------ Data shown ------

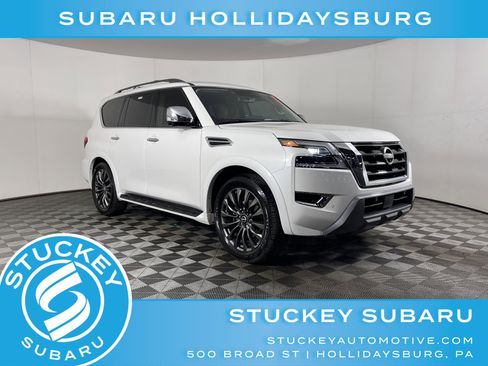 Used 2023 Nissan Armada Platinum w/ Captain's Chairs Package image 1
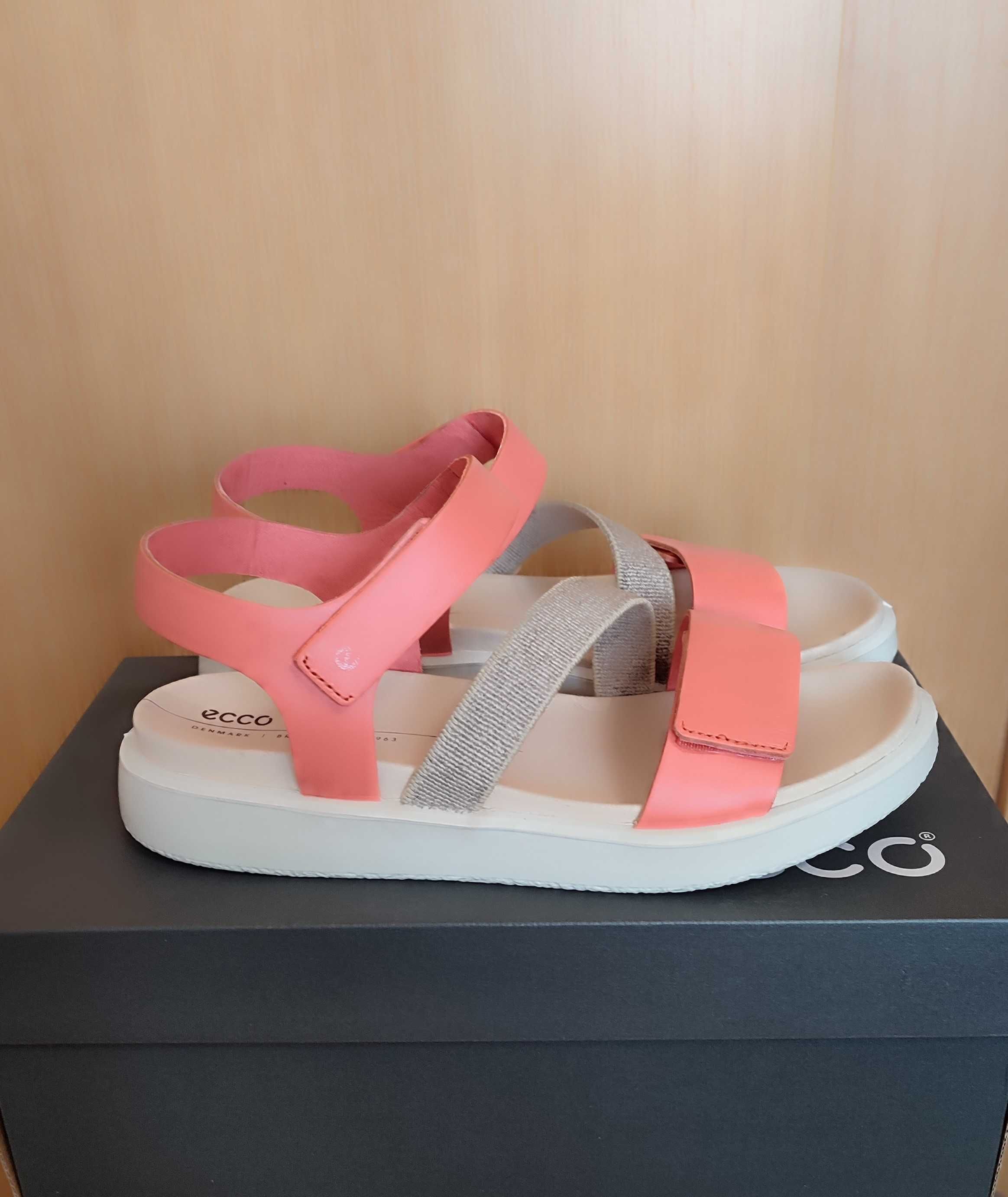 Сандалії Ecco Flowt W Coral оригінал розмір 37 - 38 устілка 24 см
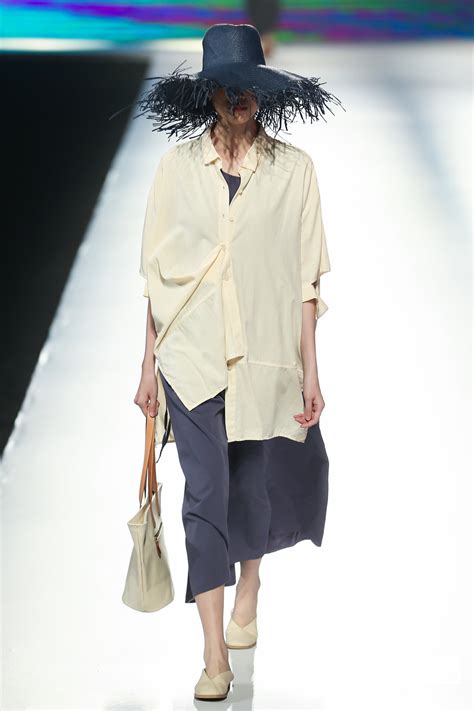 GEBANG哥邦女装2020夏季新款 偶然飘过的丝麻布衣_图库_资讯_时尚品牌网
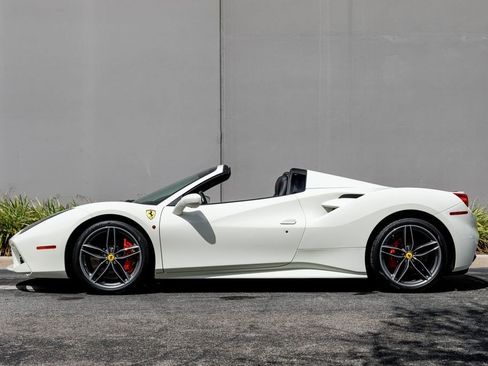Used 2019 Ferrari 488 Spider RWD image 2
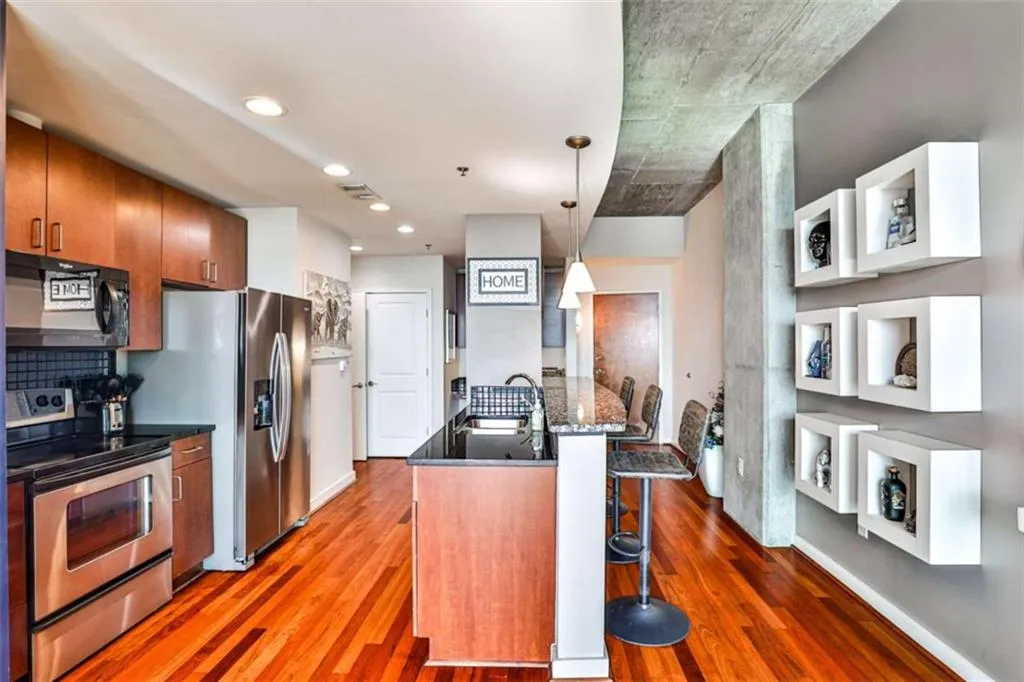 250 Pharr Road Unit 712, Atlanta, Georgia 30305, 1 Bedroom Bedrooms, ,1 BathroomBathrooms,Residential,For Sale,250 Pharr Road Unit 712,7617106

------

Problem:
Please print the data above once more, exactly and without images.

Task result:
 Used 2023 Nissan Armada Platinum w/ Captain's Chairs Package image 1
 Сандалії Ecco Flowt W Coral оригінал розмір 37 - 38 устілка 24 см
 GEBANG哥邦女装2020夏季新款 偶然飘过的丝麻布衣_图库_资讯_时尚品牌网
Used 2019 Ferrari 488 Spider RWD image 2
 250 Pharr Road Unit 712, Atlanta, Georgia 30305, 1 Bedroom Bedrooms, ,1 BathroomBathrooms,Residential,For Sale,250 Pharr Road Unit 712,7617106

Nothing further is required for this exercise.